# Packages, Modules, & Libraries

> The Python source distribution has long maintained the philosophy of "batteries included" -- having a rich and versatile standard library which is immediately available, without making the user download separate packages. This gives the Python language a head start in many projects.
>
> \- PEP 206

## Applied Review

### Python and Jupyter Overview

- We're working with Python through Jupyter, the most common IDE for data science.

### Fundamentals

- Python's common *atomic*, or basic, data types are:
    - Integers
    - Floats (decimals)
    - Strings
    - Booleans

- These simple types can be combined to form more complex types, including:
    - Lists: Ordered collections
    - Dictionaries: Key-value pairs
    - DataFrames: Tabular datasets

## Packages (aka *Modules*)

So far we've seen several data types that Python offers out-of-the-box.
However, to keep things organized, some Python functionality is stored in standalone *packages*, or libraries of code.
The word "module" is generally synonymous with "package," and "library"; you will hear all three in discussions of Python.

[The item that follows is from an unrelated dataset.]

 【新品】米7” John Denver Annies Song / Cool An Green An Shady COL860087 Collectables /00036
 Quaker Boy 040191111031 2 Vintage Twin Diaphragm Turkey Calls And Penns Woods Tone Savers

If you want more clear definitions, the three can thought of this way:

- A **package** refers to source code that is bundled in a way that can be distributed to users
  - You can install packages using `pip install package_name`
- A **library** refers to a package that has been installed to a centralized location on an operating system
  - You can view your libraries using `pip list` or `conda list`
- A **module** refers to code that you can import from outside your current script or notebook
  - To use code from a module, you'll need to `import module_name`

For example, functionality related to the operating system -- such as creating files and folders -- is stored in a package called `os`.
To use the tools in `os`, we *import* the package.

In [1]:
import os

Once we import it, we gain access to everything inside.
With Jupyter's autocomplete, we can view what's available.

In [None]:
# Move your cursor the end of the below line and press tab.
os.

Some packages, like `os`, are bundled with every Python install; downloading Python guarantees you'll have these packages.
Collectively, this group of packages is known as the *standard library*.

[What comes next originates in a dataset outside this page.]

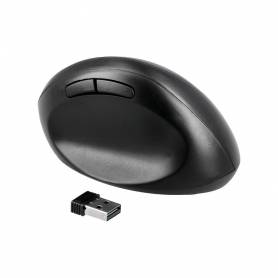 Raton q-connect optico inalambrico ergonomico vertical dpi 800 1200 1600 pila aa negro - KF15116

Other packages must be downloaded separately, either because
- they aren't sufficiently popular to merit inclusion in the standard library
- *or* they change too quickly for the maintainers of Python to keep up

One very commonly-used data science package is called `pandas` (short for *Panel Data*).
Since `pandas` is specific to data science and is still rapidly evolving, it is not part of the standard library.

**Note:** We'll cover `pandas` in more detail in later modules.

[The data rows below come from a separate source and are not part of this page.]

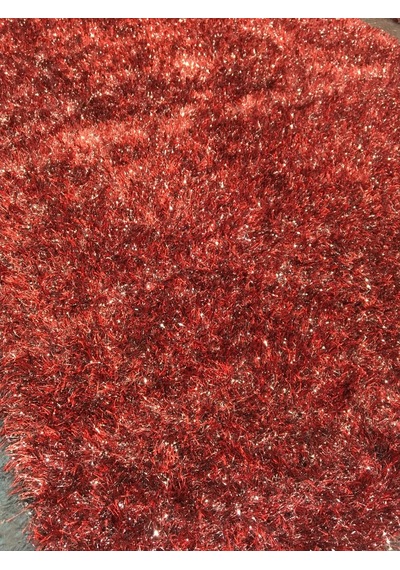 Saray Halı Simli Deri 125X180 Kırmızı Derili Simli Halı !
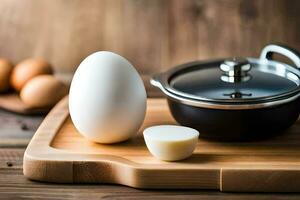 an egg and a pan on a cutting board. AI-Generated photo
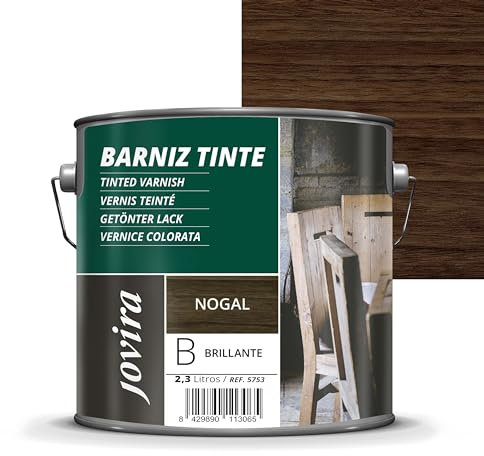 JOVIRA PINTURAS Barniz Brillante Tinte (6 colores). Barniz para madera. Protege, decora y embellece. (2,3 Litros, Nogal) D-2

We can download packages like pandas from the internet using a website called PyPI, the *Python Package Index*.
Fortunately, since we are using a pre-built conda environment today, that has been handled for us and pandas is already installed.

It's possible to import packages under an *alias*, or a nickname.
The community has adopted certain conventions for aliases for common packages;
while following them isn't mandatory, it's highly recommended, as it makes your code easier for others to understand.

`pandas` is conventionally imported under the alias `pd`.

In [2]:
import pandas as pd

Importing `pandas` has given us access to the `DataFrame`, accessible as `pd.DataFrame`

In [3]:
pd.DataFrame

pandas.core.frame.DataFrame

*Question:*

_What is the type of `pd`? Guess before you run the code below._

In [4]:
type(pd)

module

Third-party packages unlock a huge range of functionality that isn't available in native Python; much of Python's data science capabilities come from a handful of packages outside the standard library:

- pandas
- numpy (numerical computing)
- scikit-learn (modeling)
- scipy (scientific computing)
- matplotlib (graphing)

We won't have time to touch on most of these in this training, but if you're interested in one, google it!

### Your Turn

1. Import the `numpy` library, listed above. Give it the alias "np".
2. Using autocomplete, determine what variable or function inside the numpy library starts with "asco". *Hint: remember you'll need to preface the variable name with the package alias, e.g. `np.asco`*

### Dot Notation with Packages

We've seen it a few times already, but now it's time to discuss it explicitly:
things inside packages can be accessed with *dot-notation*.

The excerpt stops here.